Ayer algún desalmado sin escrúpulos (sic.) se dedicó a trolear la página de la Wikipedia que tiene nuestro gurú nacional (¿se puede decir aún nacional para referirse a algo?) poniendo, de forma muy ácida, determinados añadidos a una biografía que, por lo visto, han llevado a cabo los asesores que tiene contratados para tal función. Publicitar el producto en las redes es básico para poder permitirse vivir de ello. Y, seamos sinceros, uno cuando quiere vivir de contar anécdotas tiene que saber rodearse de los profesionales adecuados. Mejor aún, de la empresa que gestione la redacción de sus libros y que le permita seguir siendo alguien de referencia, cuya fama tenga repercusión sobre ciertos objetivos que, a día de hoy, algunos intuimos pero, por motivos obvios, preferimos no comentar.
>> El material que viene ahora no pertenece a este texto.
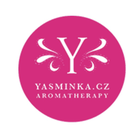 Yasminka Dárkový poukaz v hodnotě 2000Kč v obchodě Yasminka.cz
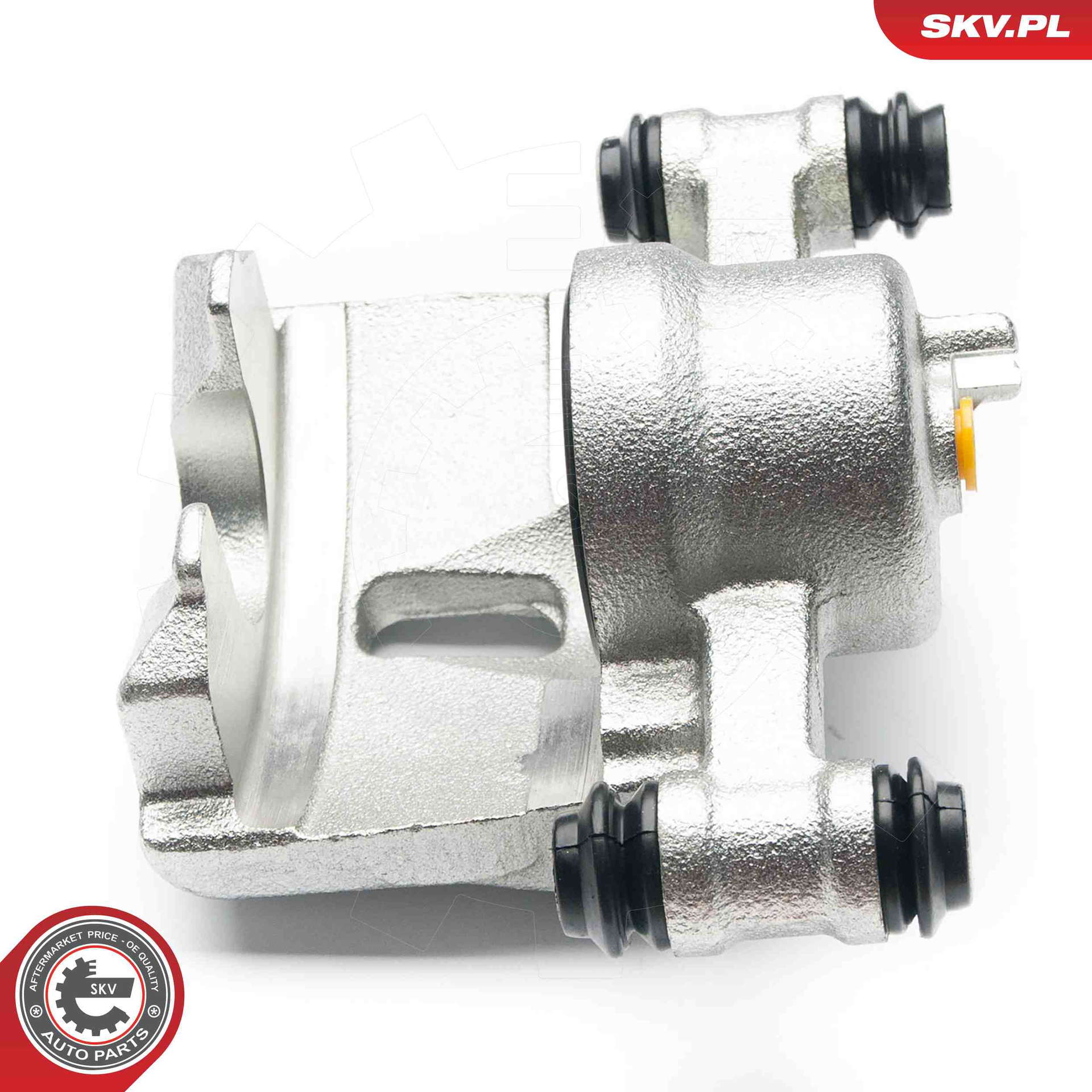 23SKV471_PROD_02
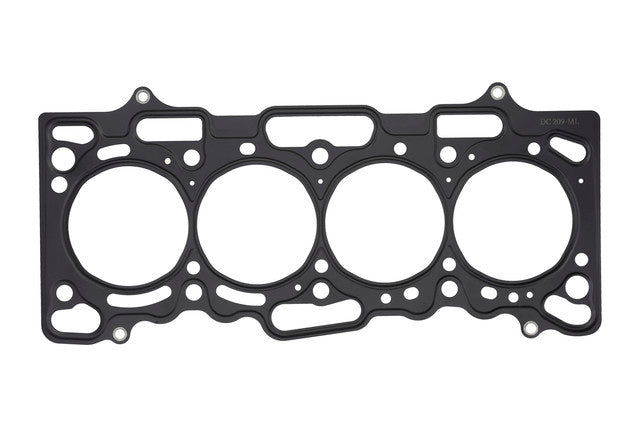 CA-209-ML EMPAQUE DE CABEZA PARA MITSUBISHI MIRAGE 1.5 4L 1997-2002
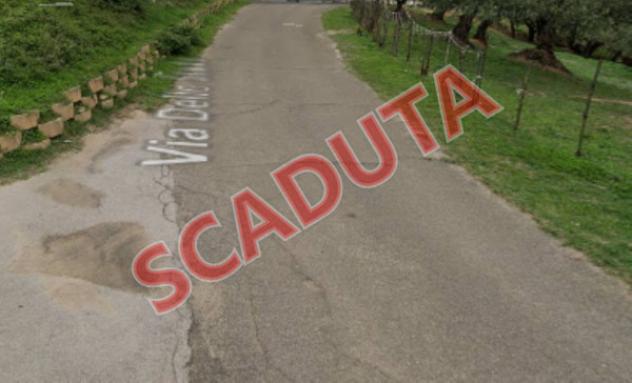 Immobile in asta di 6 m² con più di 5 locali in vendita a Gagliano Castelferrato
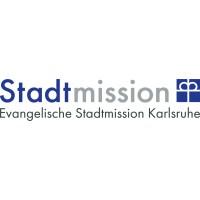 Ev. Stadtmission Karlsruhe logo - Similar company to Orientak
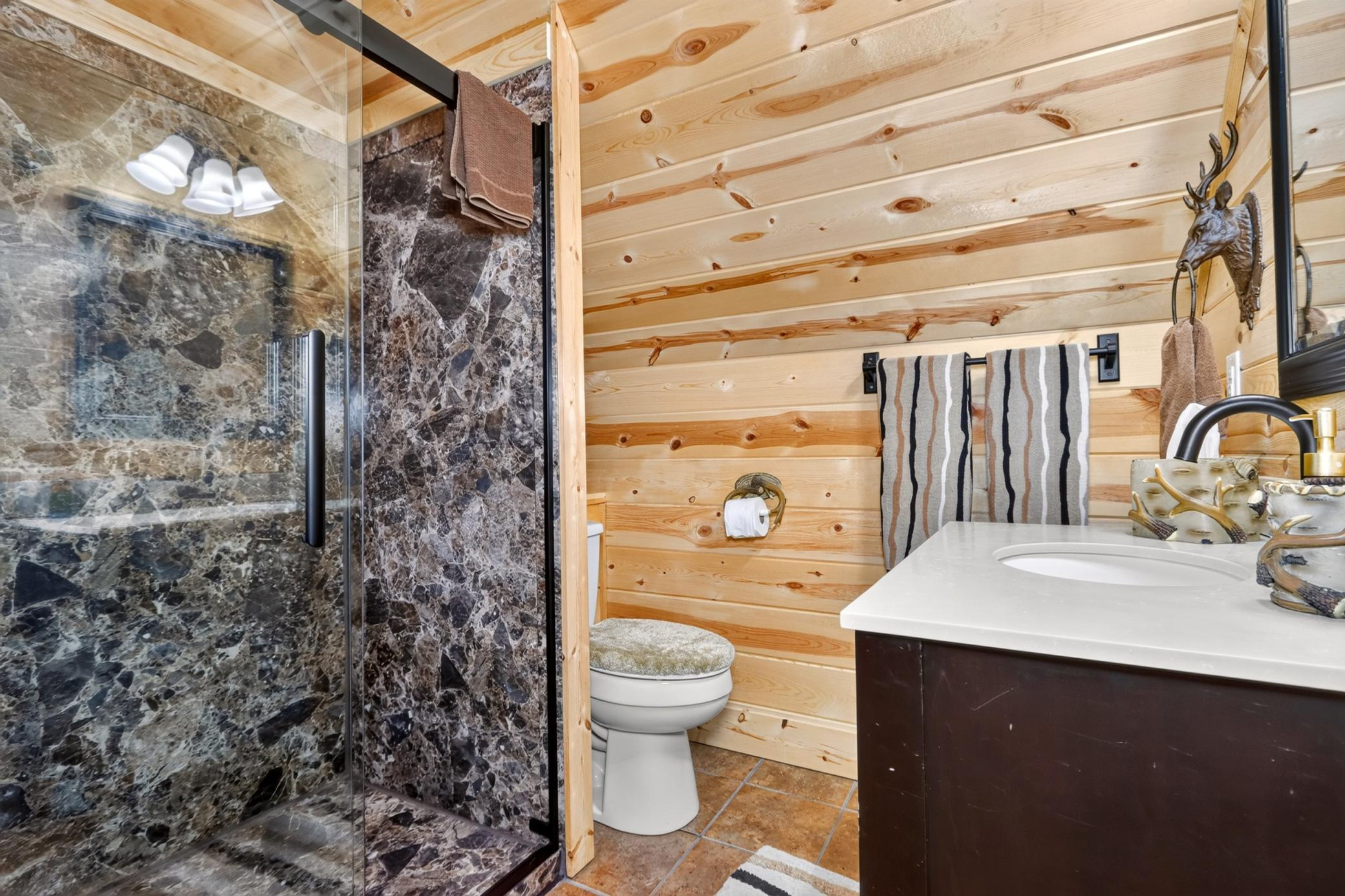 55603 Eggar Road Spring Lake, MN 56680 - Photo 24 of 51 Gallery Image 24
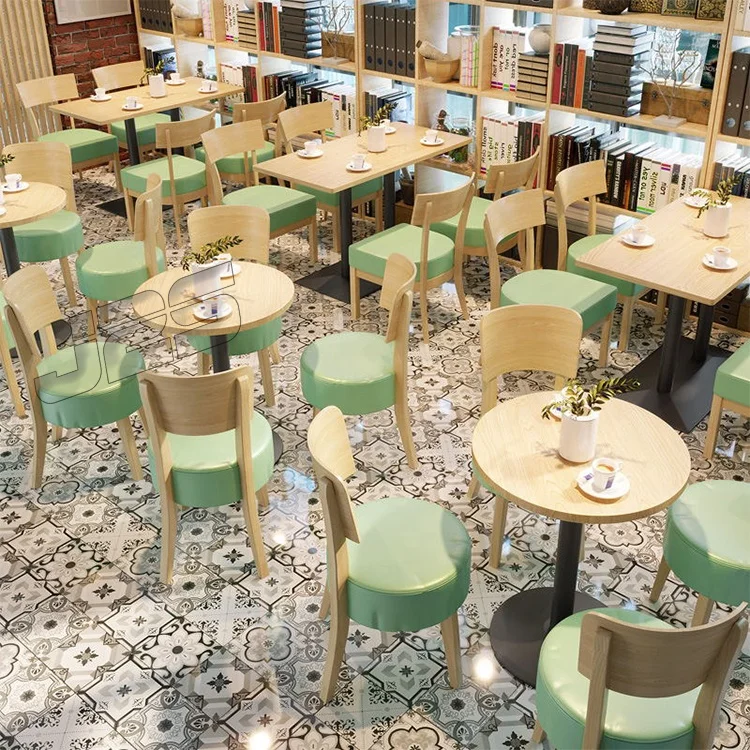 Modern luxury restaurant booths for sale cafe table and chairs vintage sofa booth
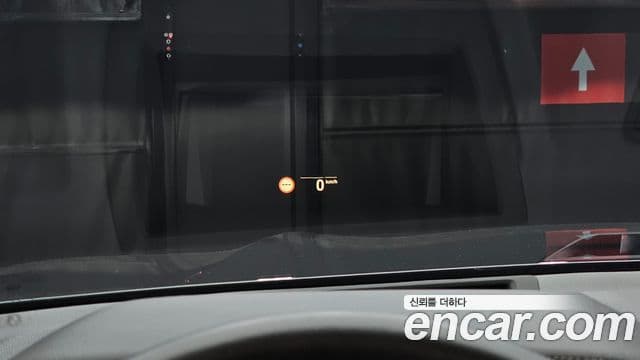 BMW X5 2023 — ფოტო 35/36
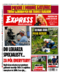Express Ilustrowany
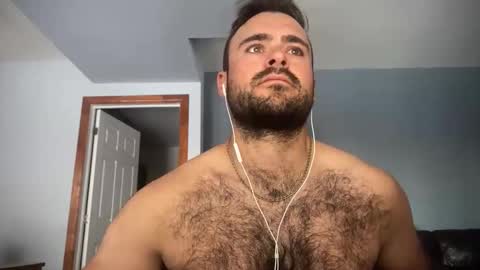 carpenterboyy1999333 online show from January 9, 1:13 pm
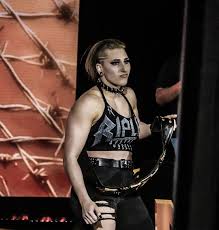 We found 19 records in 18 states for corey carlisle in our us directory. Rhea Ripley Wwe Women Rhea Ripley Rhea Ripley Wwe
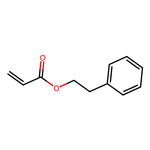 Phenethyl acrylate|CS-0435398|3530-36-7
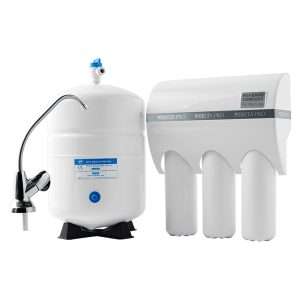 Brita PRO Reverse Osmosis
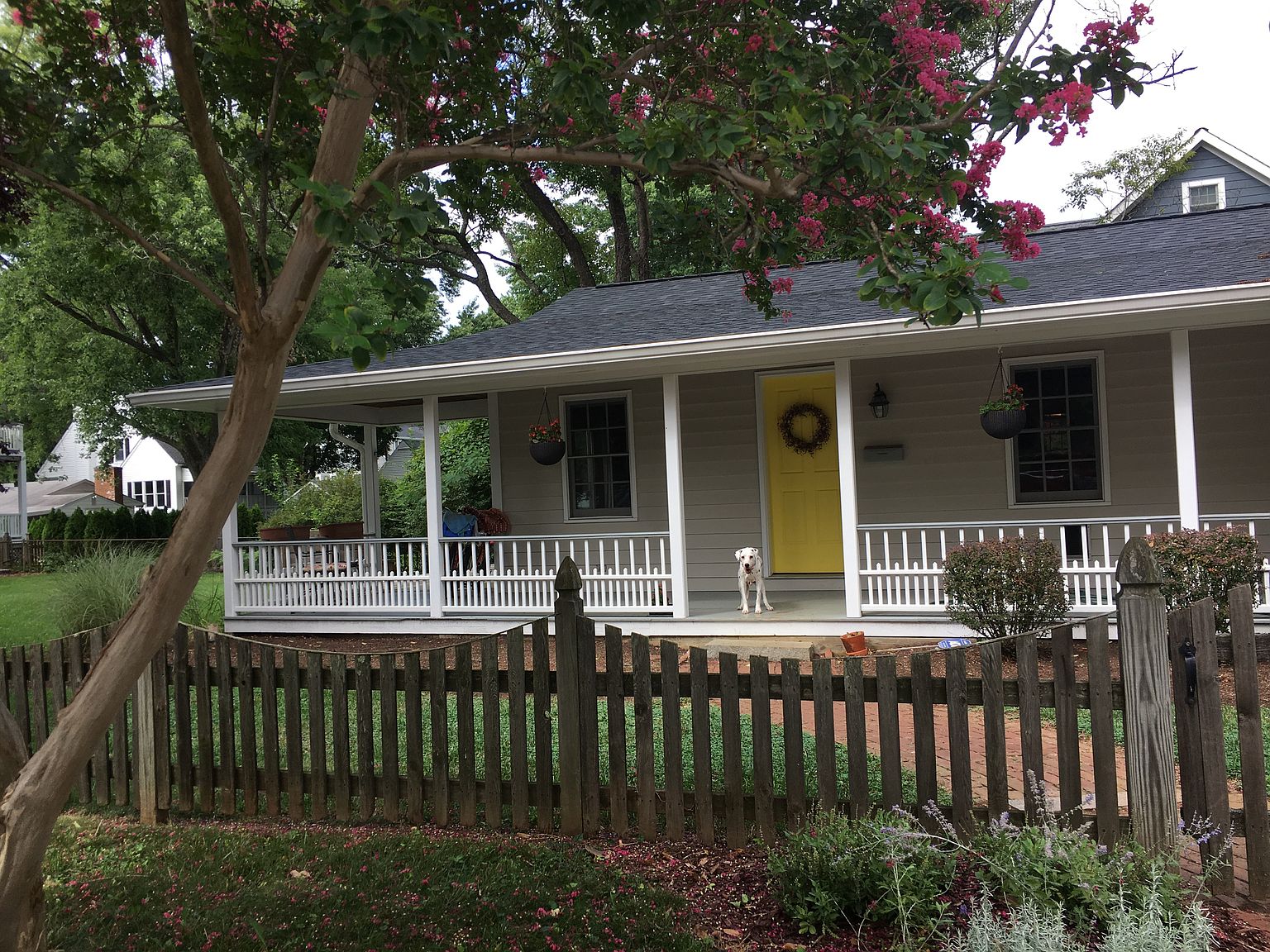 411 Melvin Ave, Annapolis, MD 21401 Zillow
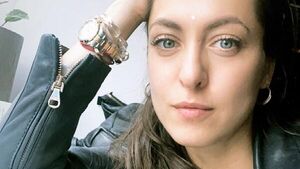 Звезда «Сладкой жизни» Анастасия Меськова вновь оказалась в больнице после несчастного случая в Турции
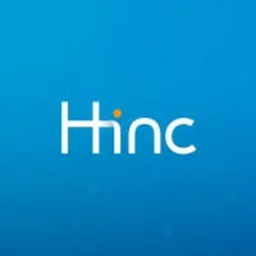 Logo Hinc
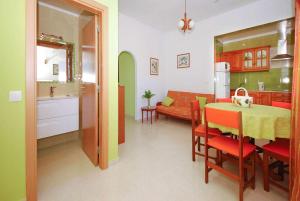 Villa Barreto BV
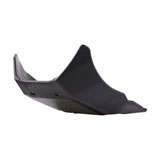 Acerbis Plastic Offroad Skid Plate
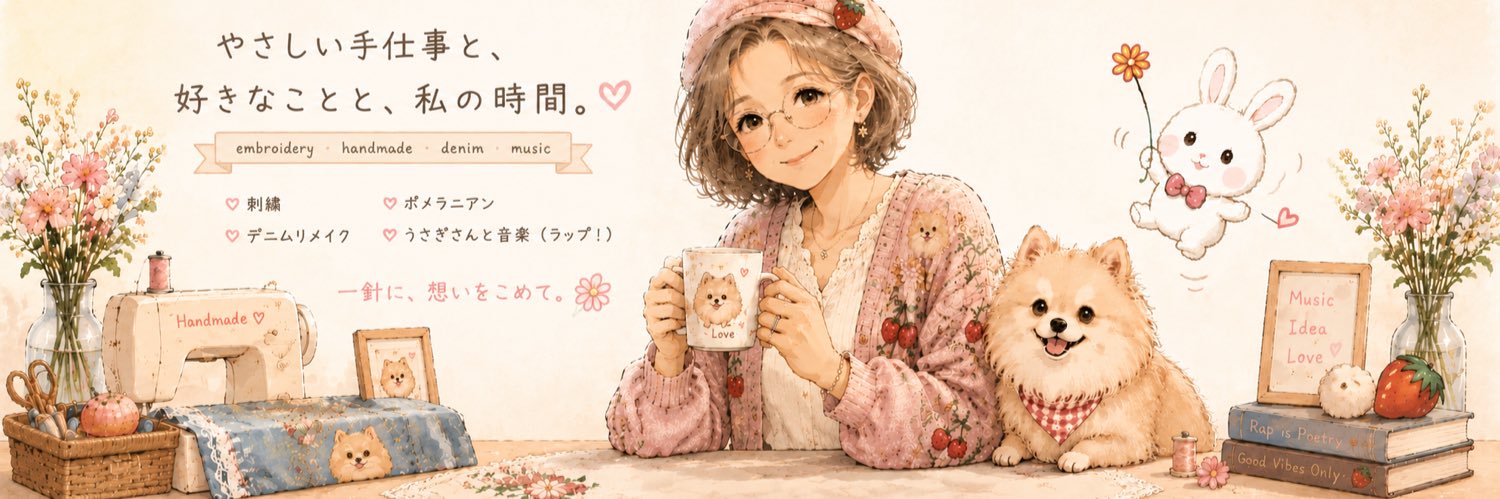 moonriver_2020's profile banner image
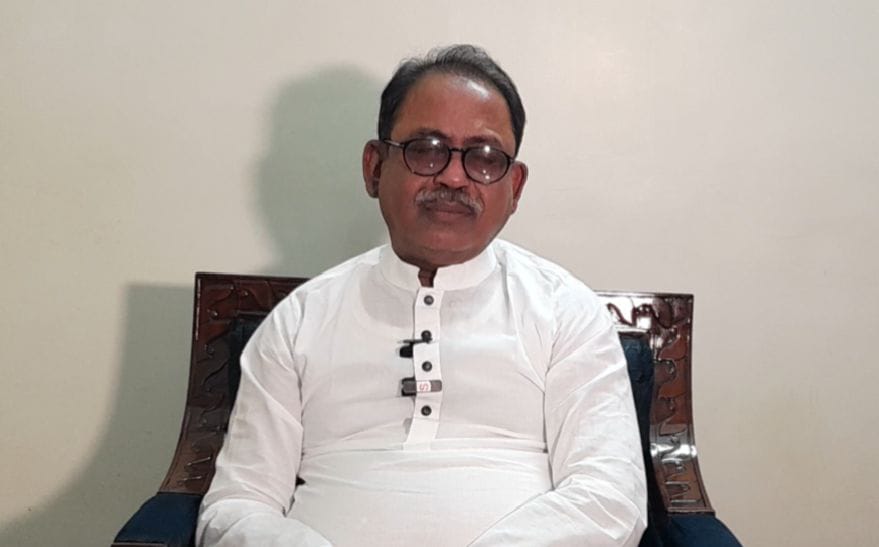 ঠাকুরগাঁও-১: ফয়সলই বিএনপির প্রার্থী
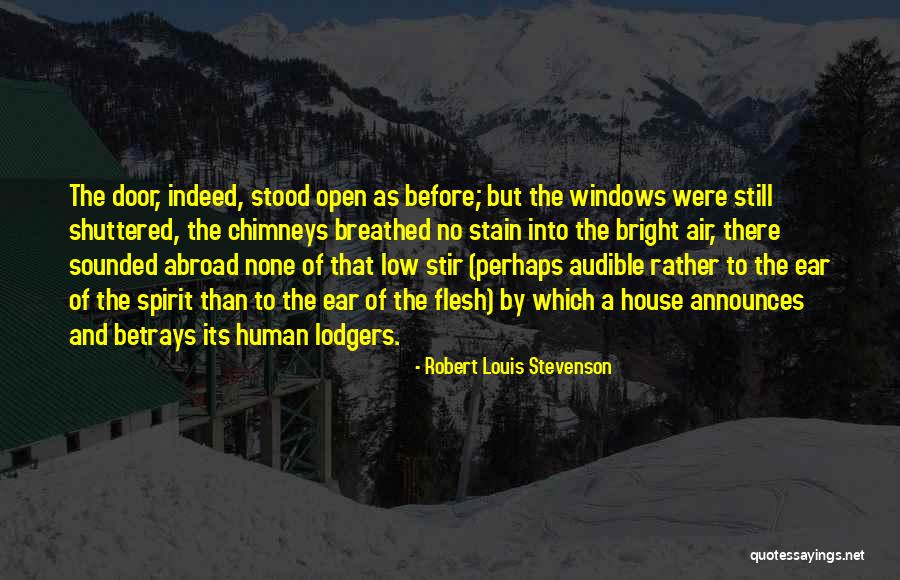 Shakespeare Macbeth Witches Quotes By Robert Louis Stevenson Shakespeare Macbeth Witches Quotes By Robert Louis Stevenson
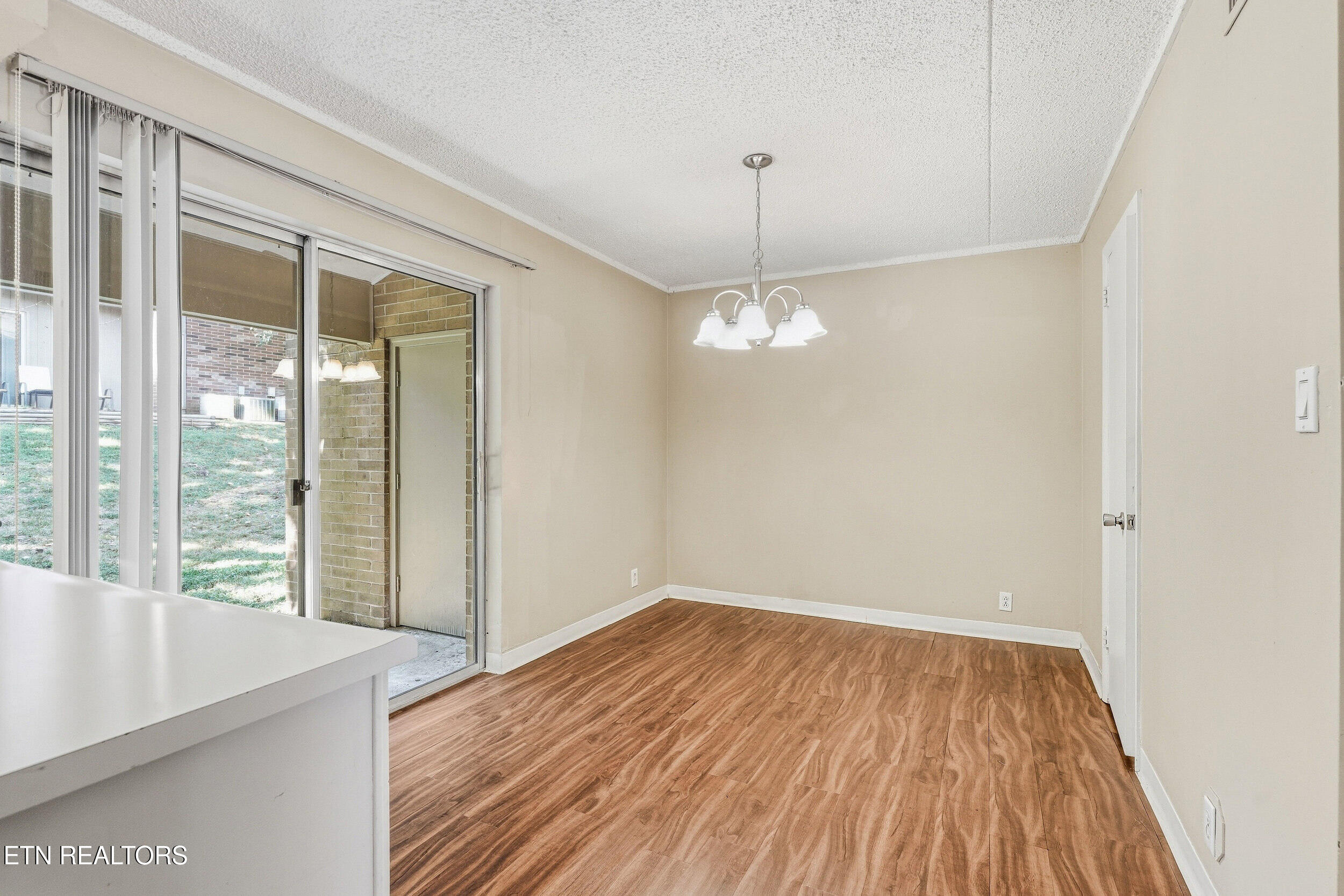 8503 Ankara Court Knoxville TN 37923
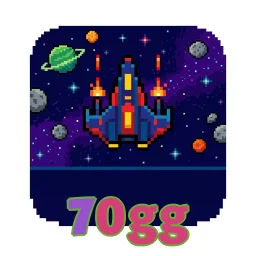 70gg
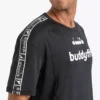 Maglietta Ss T-Shirt Buddyfit Training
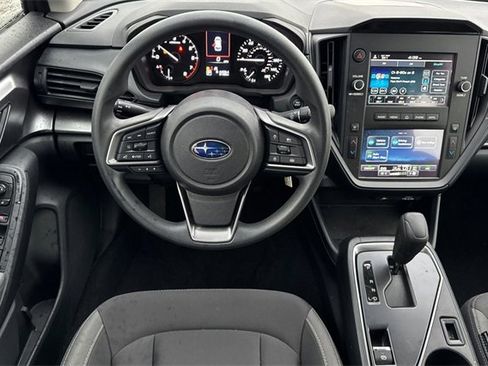 Used 2024 Subaru Impreza 2.0i image 13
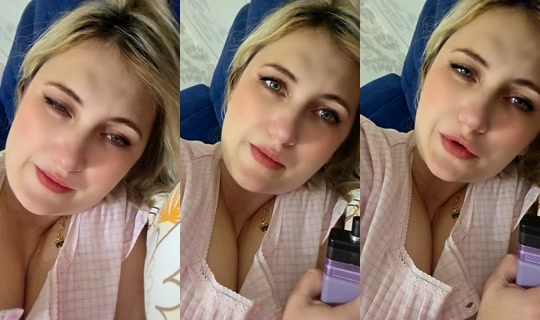 Sova.uni Bigo Live — Sep 20, 2026, 10:54 PM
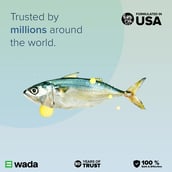 7 - GNC Fish Oil (1000 mg),  90 softgels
No es malo montarte un chiringuito como ha hecho Ken Robinson con HundrED para colocar a su hija y conseguir, de paso, sacar tajada con el proyecto educativo de los Jesuitas. Al final, las redes se acaban descubriendo y, es por ello que cuando resulta que el inspirador del proyecto pertenece al mismo que la creación de Ken Robinson, uno ya intuye muchas cosas. Personalización de la educación para los gurús, embajadores, futuristas o evangelizadores. Múltiples chiringuitos bien gestionados bajo la apariencia de hermanitas de la caridad educativas. Mucho creador de marca personal reconvertido en su propia marca. No importa si se sabe o no dar clase o gestionar la educación, lo importante es saber vender que sí se sabe. No importa el aula, importa la cantidad de actos a los que vayas. No importa lo bueno que seas en la docencia porque tu profesión, en caso que alguna vez lo fuera, ha dejado de serla para convertirse en una simple venta de ti mismo. Y cuando la venta la consigues mediante una buena estrategia de viralización de contenidos multimedia…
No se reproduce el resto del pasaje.